By Swati Prasad | July 28, 2025, 12:38 PM

For investors looking at the tobacco sector, the choice often comes down to two industry giants: Altria Group, Inc. MO and Philip Morris International Inc. PM. While both generate substantial revenues from tobacco, they operate in distinct markets and are pursuing different strategies in their transition toward a smoke-free future.

Altria remains focused on the U.S. market, leveraging its dominant Marlboro brand while expanding into alternatives like NJOY and oral nicotine pouches. Philip Morris, on the other hand, generates most of its revenues internationally and has positioned itself as a global leader in reduced-risk products, led by its IQOS heated tobacco system. For investors, the comparison goes beyond brand familiarity; it's about fundamentals, growth potential and how effectively each company is navigating the evolving nicotine landscape.

The Case for Altria

Altria continues to demonstrate resilience amid long-term cigarette volume declines, largely through its consistent pricing power. In the first quarter of 2025, the company achieved a 10.8% net price realization in smokeable products, contributing to a 2.7% increase in adjusted operating income. This pricing strength remains a key lever supporting profitability during a time of shifting consumer demand.

Altria’s growth in smoke-free products, especially the oral nicotine pouch brand, on!, is another key contributor. In the first quarter, on! shipments rose 18%, and the brand grew its share of the oral tobacco category to 8.8%, while share within the nicotine pouch segment reached 17.9%. The success of the “It’s On!” marketing campaign significantly boosted brand visibility, driving a fivefold increase in consumer impressions. 

In the e-vapor category, Altria remains committed to long-term participation despite recent setbacks. Following the temporary market withdrawal of its NJOY ACE product due to regulatory and patent challenges, the company is working to refine its product pipeline and re-enter the market with improved offerings tailored to consumer preferences. At the same time, Altria is advocating for regulatory reform and stronger enforcement to curb the rise of illicit disposable e-vapor products, which now account for over 60% of the U.S. market.

Still, Altria faces structural challenges. The cigarette industry faced significant headwinds during the first quarter of 2025, with shipment volumes under continued pressure.
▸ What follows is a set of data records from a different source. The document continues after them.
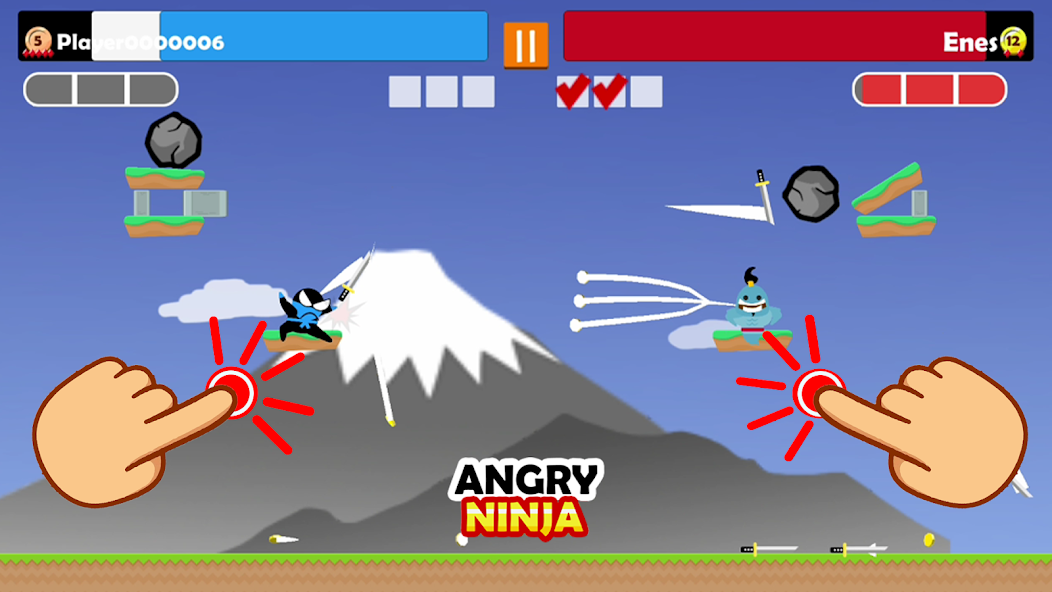 Jumping Ninja Party 2 Player Mod Latest Version APK Download - 51wma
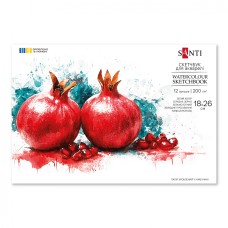 Скетчбук для акварелі 12/200 В5 №743296/Santi/(1)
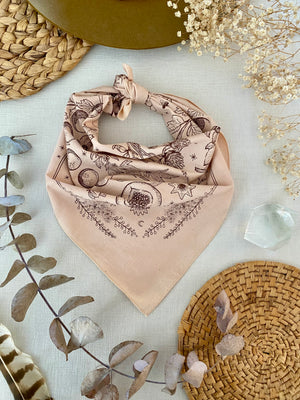 Bandana | Lady Herbs | Tea-Dyed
This decline is largely attributed to ongoing macroeconomic challenges and the rapid growth of illegal disposable e-vapor products. Adult smokers continue to experience economic strain due to the prolonged effects of inflation and constrained discretionary spending. Smokers, particularly low-income consumers, are feeling the pinch as inflation continues to outpace wage growth, limiting disposable income.

The Case for Philip Morris

Philip Morris continues to build momentum behind its transformation strategy. The company’s smoke-free portfolio, led by IQOS, ZYN, and VEEV, is seeing strong global consumer adoption. Its multi-category model is helping expand its user base, with approximately 41.5 million adult users by the end of the second quarter of 2025. This approach supports growth across regions and allows the company to serve varied nicotine preferences under one cohesive platform.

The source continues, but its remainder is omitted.